5) Quelques conséquences pour les entreprises


a- conséquences à court terme :


- un certain calme social dans les entreprises privées en l’absence de plan de restructuration (pas de sujet qui fâche dans les projets sociaux ou fiscaux de M. Raffarin),


- peut-être modification des cotisations de Sécurité sociales et négociation d’entreprise sur les incidences salariales de la suppression du jour férié du lundi de Pentecôte ; possible nécessité de renégocier les accords RTT fixant la durée annuelle de travail.

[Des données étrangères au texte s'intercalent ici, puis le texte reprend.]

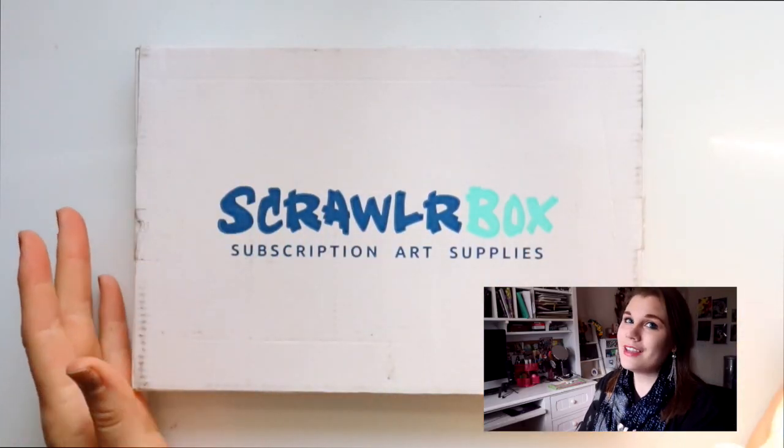Hey guys! What's up? It's me, Priscilla! And I am here today with another opening of ScrawlrBox!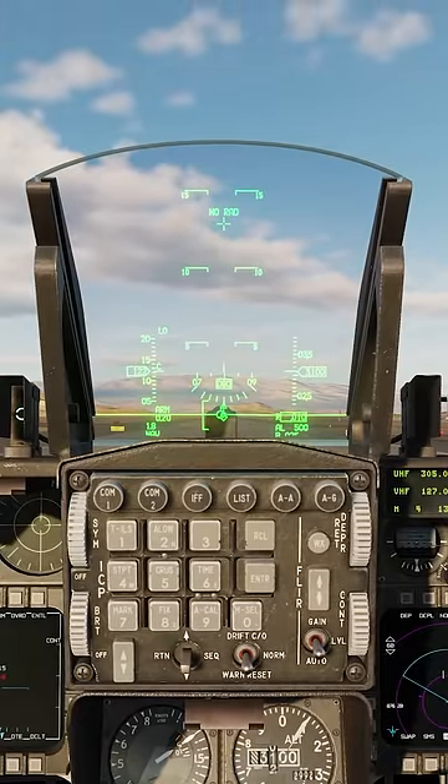Now this is where I see most people mess up — they do not aero brake. The F-16 brakes are extremely small, so aero braking is key.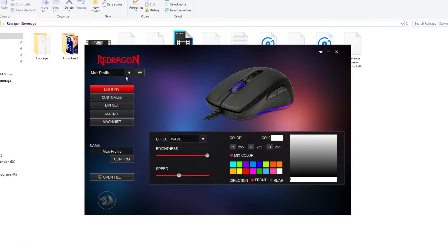Looking at the features from top to bottom, in the upper left is the profile selector, and beside it are options for adding, removing, and copying profiles. Below that, first, is the lighting — you can choose from 5 effects: Wave, Spectrum Cycling, Breathing, Static, and Tide. On the right side of the window, you can change its color if you only want one, or click Mix Color for RGB. You can also change the brightness, the speed of the effect, and the direction it's going. Here is a short preview of those effects in action.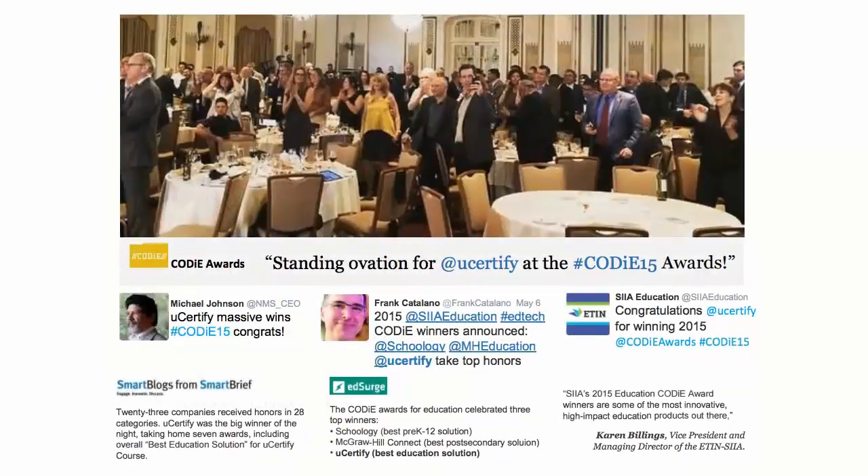UCertify's expertise has been recognized worldwide. UCertify has won SIIA CODiE Awards 2015 in six categories and was the overall winner in the Best Educational Solution category.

b- incidences possibles à plus long terme :


- modifications du dispositif de la formation professionnelle accentuant les compétences régionales,


- nouvelles règles, par exemple renforçant le droit d’opposition, en matière de validité des accords collectifs,


- nécessité de gérer les rémunérations de certains salariés rattrapés par les hausses de salaires de smicards,


- possibles grèves et manifestations pour fin 2004 avec la 3e phase (décision) de la réforme de la Sécurité sociale et de l’école,


- réflexion à conduire sur l’évolution des emplois et/ou des postes de travail pour les salariés âgés appelés à demeurer plus longtemps dans l’entreprise suite à la réforme des retraites (aujourd’hui, seuls 37% des 55-64 ans sont en activité). Le gouvernement renvoie d’ailleurs également ce sujet à une négociation nationale des partenaires sociaux.